*** Opening Collected data ***

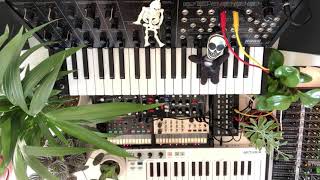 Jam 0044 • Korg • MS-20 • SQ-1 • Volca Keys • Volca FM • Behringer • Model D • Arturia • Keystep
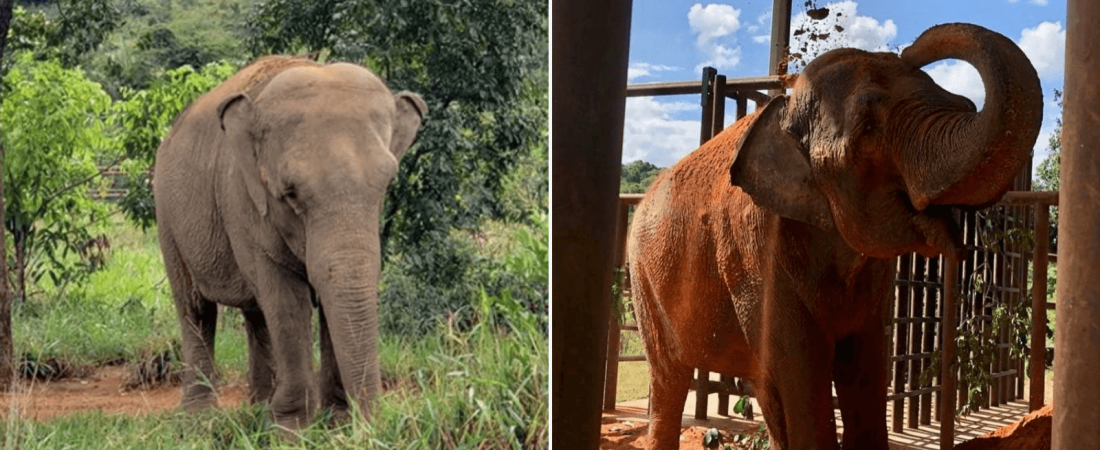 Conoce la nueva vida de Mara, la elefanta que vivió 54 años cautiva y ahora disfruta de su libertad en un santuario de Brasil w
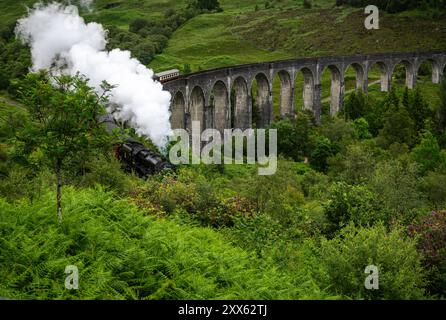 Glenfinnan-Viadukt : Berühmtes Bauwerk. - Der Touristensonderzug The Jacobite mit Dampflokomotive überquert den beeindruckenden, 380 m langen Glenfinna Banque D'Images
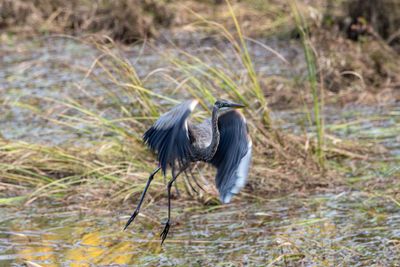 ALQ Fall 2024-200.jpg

*** Closing Collected data ***

Activity: Nothing but the pictures is to be left out; the rest of the listing should be copied exactly.

Result of this task:
 Jam 0044 • Korg • MS-20 • SQ-1 • Volca Keys • Volca FM • Behringer • Model D • Arturia • Keystep
 Conoce la nueva vida de Mara, la elefanta que vivió 54 años cautiva y ahora disfruta de su libertad en un santuario de Brasil w
 Glenfinnan-Viadukt : Berühmtes Bauwerk. - Der Touristensonderzug The Jacobite mit Dampflokomotive überquert den beeindruckenden, 380 m langen Glenfinna Banque D'Images
 ALQ Fall 2024-200.jpg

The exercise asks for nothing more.